ゲーミフィケーションを実践する上でのヒント
これらのアイデアを家庭に取り入れる際に、いくつか意識しておきたい点があります。
- 子どもと一緒にルールを作る: 一方的に押し付けるのではなく、「どうやったら楽しくできるかな?」と子どもと話し合いながらルールやご褒美を決めると、子ども自身の「やりたい」気持ちを引き出しやすくなります。
- 最初はハードルを低く設定する: 最初から完璧なルーティンを目指すのではなく、まずは手洗いとうがいだけでもゲーム化してみる、など簡単なタスクから始めるのがおすすめです。成功体験を積むことが大切です。
- 「ゲーム」に乗っかる: 声かけをする際も、「手洗いしなさい」ではなく「ミッション1:手洗い・うがいをクリアしよう!」のように、ゲームのルールに乗っかった声かけを意識すると、子どもも受け入れやすくなります。
- 結果だけでなくプロセスも褒める: 目標達成や高得点だけでなく、「すぐに手洗いに向かえたね!」「自分からリストを見て偉いね!」のように、自発的な行動や頑張るプロセスそのものを具体的に褒めることで、子どもの内発的な動機付けを育むことができます。

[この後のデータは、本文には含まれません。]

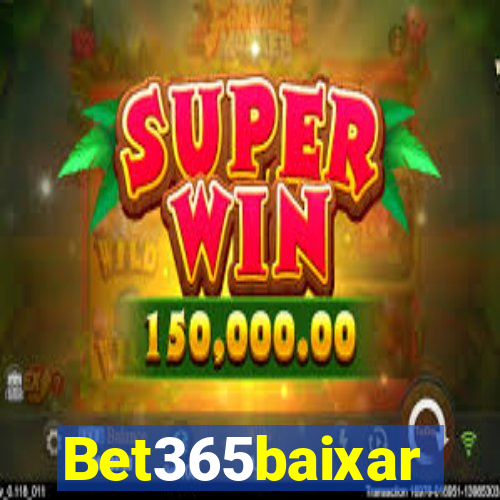 Bet365baixar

- 柔軟に変化させる: 子どもが飽きてきたり、効果が薄れてきたりしたら、遠慮なくルールを変えたり、別のアイデアを取り入れたりしてください。同じゲームでも、少しの変更で新鮮さが生まれることがあります。
- 完璧を求めすぎない: 毎日全てのルーティンを完璧にこなすことは難しいかもしれません。ゲームはあくまで子どもが楽しく取り組むためのツールです。目標を達成できなかった日があっても、責めるのではなく、次の日また挑戦できるような声かけを心がけましょう。
帰宅後の時間を「楽しい時間」に変えるために
帰宅後のバタバタした時間も、ゲーミフィケーションの考え方を取り入れることで、子どもにとっては単なる「やらされ仕事」ではなく、ワクワクする「ミッション」や「冒険」に変わる可能性があります。親御さんにとっても、繰り返し声かけをするストレスが軽減され、子どもの成長をサポートする楽しい時間に変化するかもしれません。
ご紹介したアイデアはあくまで一例です。ぜひ、お子さんの興味や性格、家庭の状況に合わせて自由にアレンジしてみてください。大切なのは、親子で一緒に楽しみながら、子どもが自ら考えて行動する力を育んでいくプロセスです。少しの工夫で、日々の育児がより楽しく、より豊かなものになることを願っています。